WHAT TO PRODUCE:
If a line of the material holds the string "quality", please copy it.

SOURCE RECORDS:
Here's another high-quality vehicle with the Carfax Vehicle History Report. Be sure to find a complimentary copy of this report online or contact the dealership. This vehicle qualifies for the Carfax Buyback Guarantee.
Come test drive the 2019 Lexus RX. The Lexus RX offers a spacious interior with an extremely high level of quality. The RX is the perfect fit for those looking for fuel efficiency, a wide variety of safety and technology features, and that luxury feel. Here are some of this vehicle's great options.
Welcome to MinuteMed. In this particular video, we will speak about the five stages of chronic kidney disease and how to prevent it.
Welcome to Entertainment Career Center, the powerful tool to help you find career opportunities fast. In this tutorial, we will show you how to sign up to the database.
---
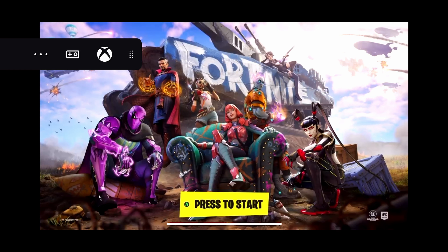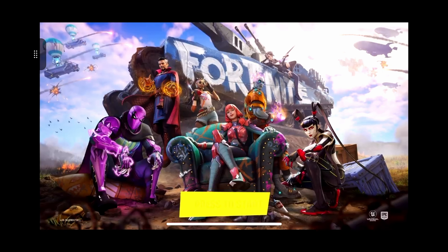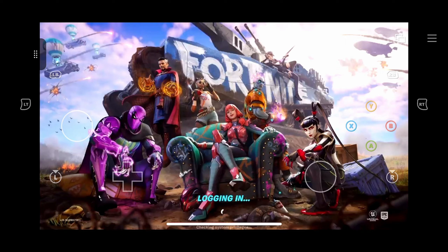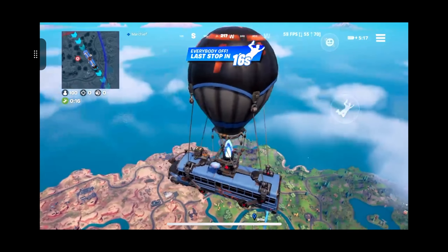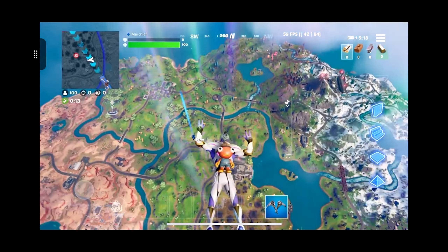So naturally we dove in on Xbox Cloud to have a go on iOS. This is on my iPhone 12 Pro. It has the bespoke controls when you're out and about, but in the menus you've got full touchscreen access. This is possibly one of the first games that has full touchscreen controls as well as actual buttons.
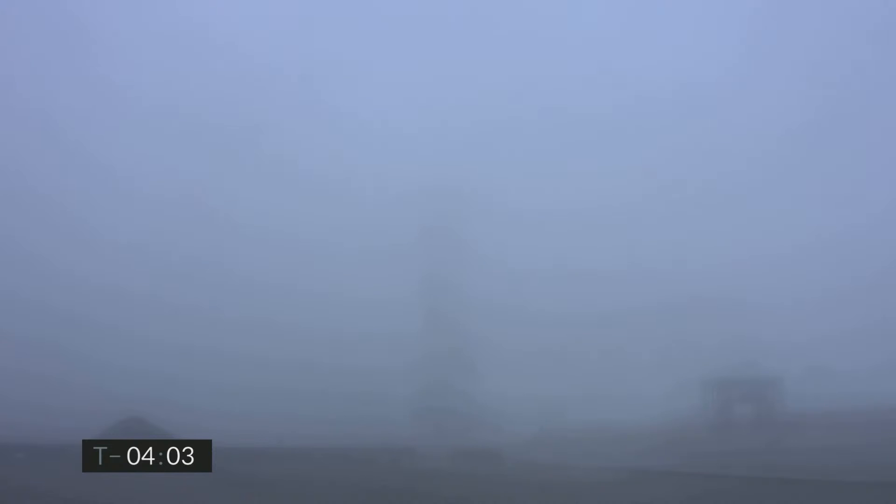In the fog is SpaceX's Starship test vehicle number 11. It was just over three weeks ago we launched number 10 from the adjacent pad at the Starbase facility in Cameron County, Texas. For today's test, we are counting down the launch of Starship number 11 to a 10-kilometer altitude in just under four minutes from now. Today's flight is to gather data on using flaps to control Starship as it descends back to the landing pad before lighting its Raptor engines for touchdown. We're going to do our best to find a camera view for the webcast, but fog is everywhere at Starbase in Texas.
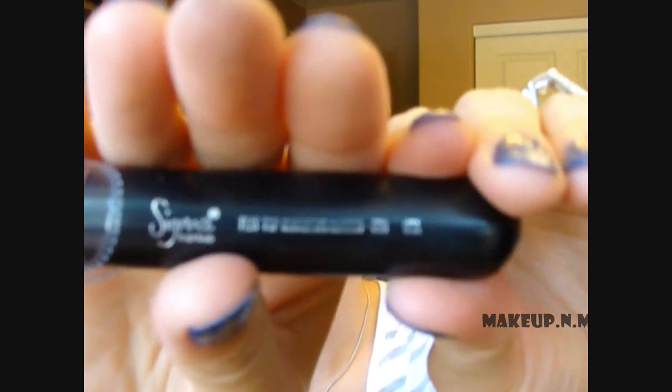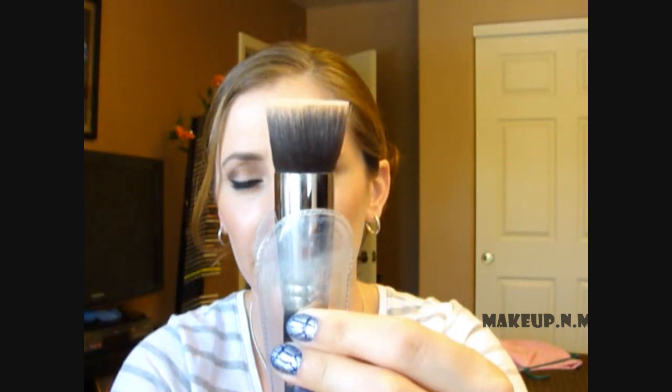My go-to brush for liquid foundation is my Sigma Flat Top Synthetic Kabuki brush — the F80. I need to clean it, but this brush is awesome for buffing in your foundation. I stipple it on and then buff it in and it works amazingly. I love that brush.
...
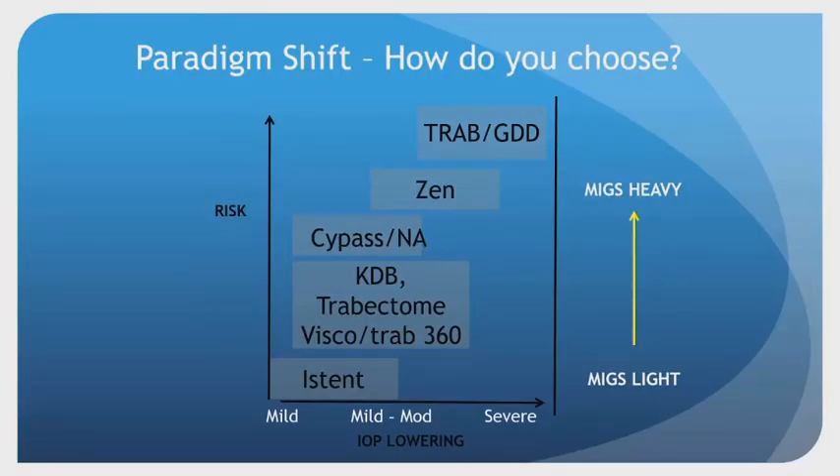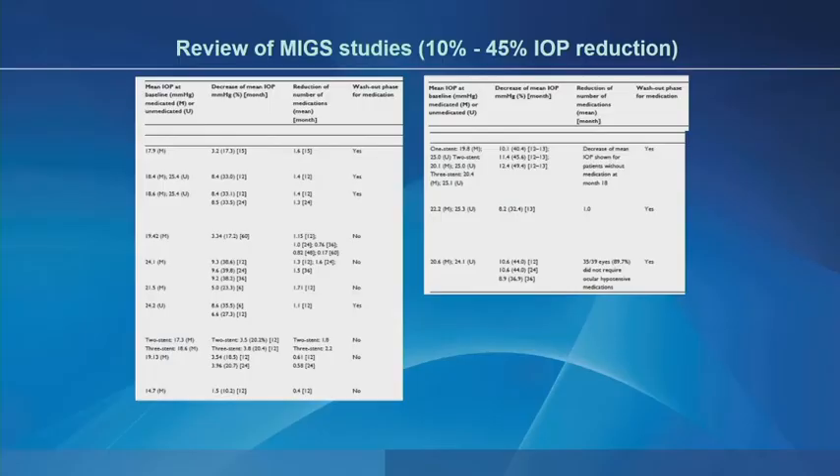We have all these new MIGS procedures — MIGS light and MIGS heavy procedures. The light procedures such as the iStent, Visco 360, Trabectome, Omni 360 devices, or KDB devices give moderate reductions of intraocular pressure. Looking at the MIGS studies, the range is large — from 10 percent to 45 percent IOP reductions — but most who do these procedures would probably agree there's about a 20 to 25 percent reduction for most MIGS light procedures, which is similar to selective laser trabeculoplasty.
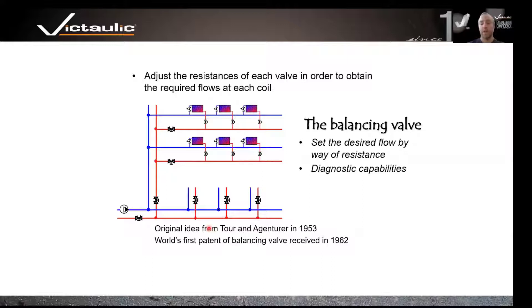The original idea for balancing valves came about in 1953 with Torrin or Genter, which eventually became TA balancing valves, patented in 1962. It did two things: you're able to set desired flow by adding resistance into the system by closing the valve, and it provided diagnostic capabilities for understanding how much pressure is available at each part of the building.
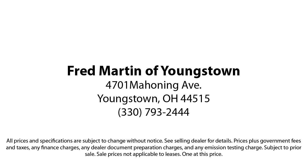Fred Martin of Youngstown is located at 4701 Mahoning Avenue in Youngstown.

EXPECTED ANSWER:
Here's another high-quality vehicle with the Carfax Vehicle History Report. Be sure to find a complimentary copy of this report online or contact the dealership. This vehicle qualifies for the Carfax Buyback Guarantee.
Come test drive the 2019 Lexus RX. The Lexus RX offers a spacious interior with an extremely high level of quality. The RX is the perfect fit for those looking for fuel efficiency, a wide variety of safety and technology features, and that luxury feel. Here are some of this vehicle's great options.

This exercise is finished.